TASK STATEMENT
Retype the whole listing exactly. Leave out pictures.

STORED DATA
○ ○ ○ ○

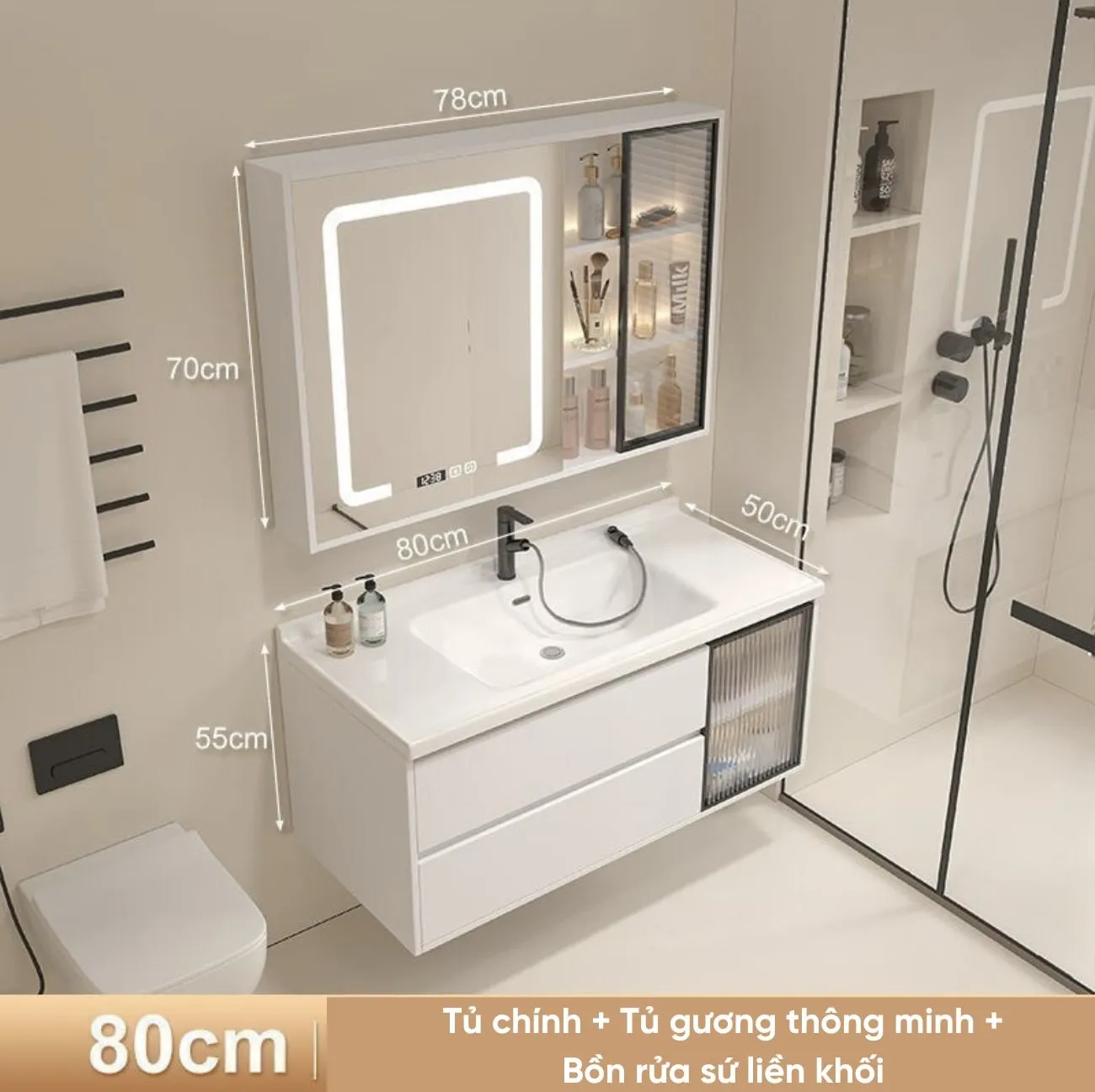 Trọn bộ phụ kiện vòi lavabo đồng thau mạ crom bóng và bản lề Inox 304 giảm chấn êm ái TC-2053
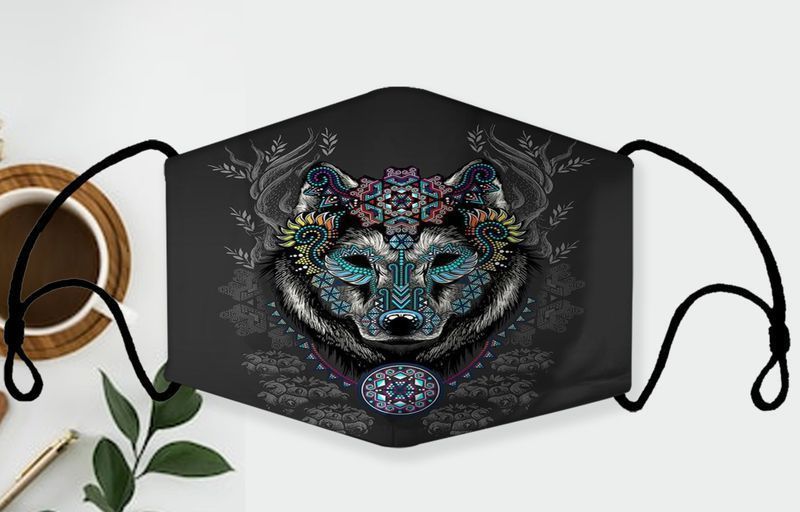 Wolf Head Indigenous Style Face Covering For Wolf Lovers Animal Gift Cotton Mask 1-10 Pcs For Kid & Adult All Over Print Face Mask Covering For Adults And Kids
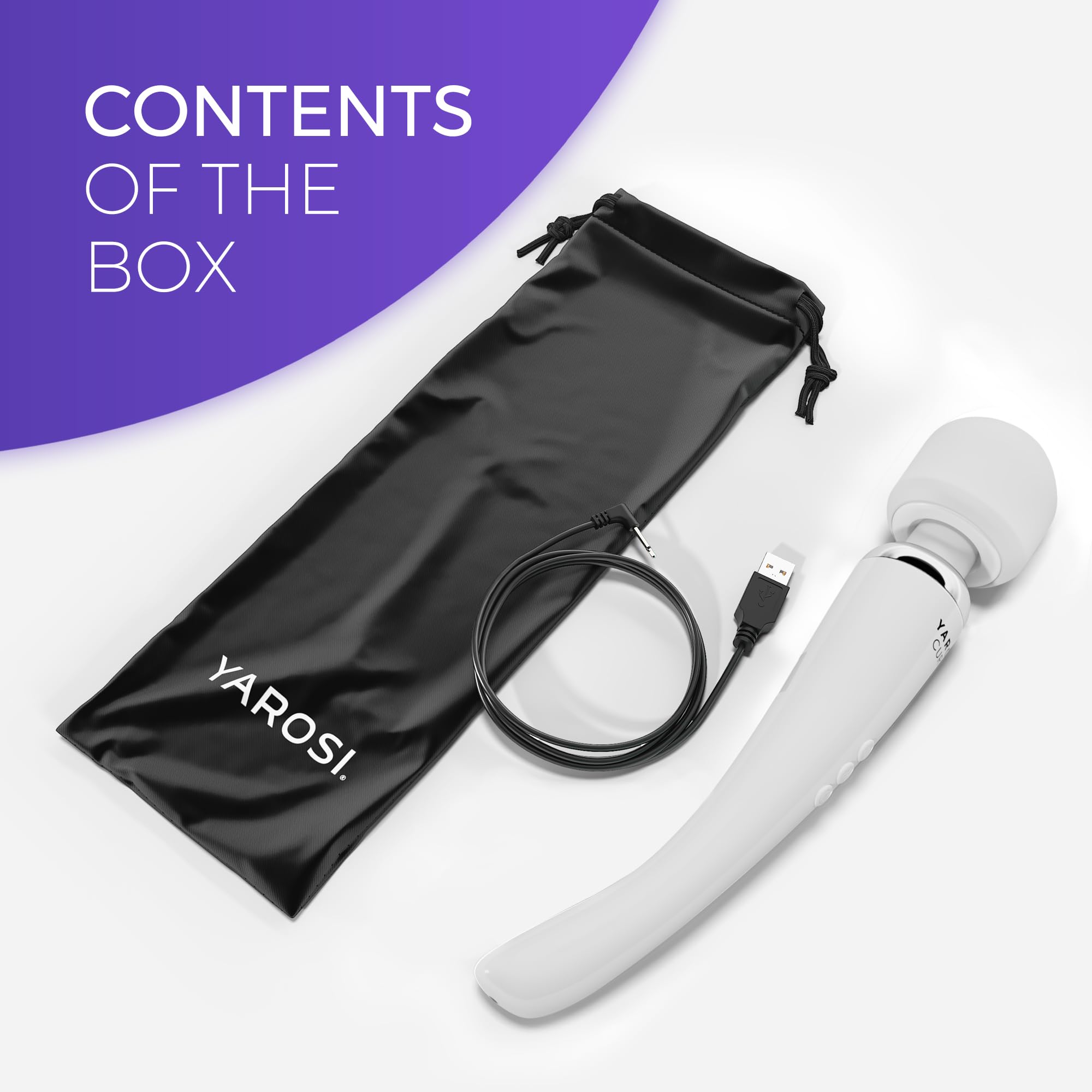 Rechargeable Yarosi Curve battery allows cordless use and easy charging.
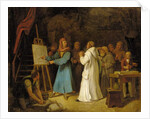 Giotto demonstrating the art of drawing in his studio by Italian School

○ ○ ○ ○

TASK OUTPUT
 Trọn bộ phụ kiện vòi lavabo đồng thau mạ crom bóng và bản lề Inox 304 giảm chấn êm ái TC-2053
 Wolf Head Indigenous Style Face Covering For Wolf Lovers Animal Gift Cotton Mask 1-10 Pcs For Kid & Adult All Over Print Face Mask Covering For Adults And Kids
 Rechargeable Yarosi Curve battery allows cordless use and easy charging.
 Giotto demonstrating the art of drawing in his studio by Italian School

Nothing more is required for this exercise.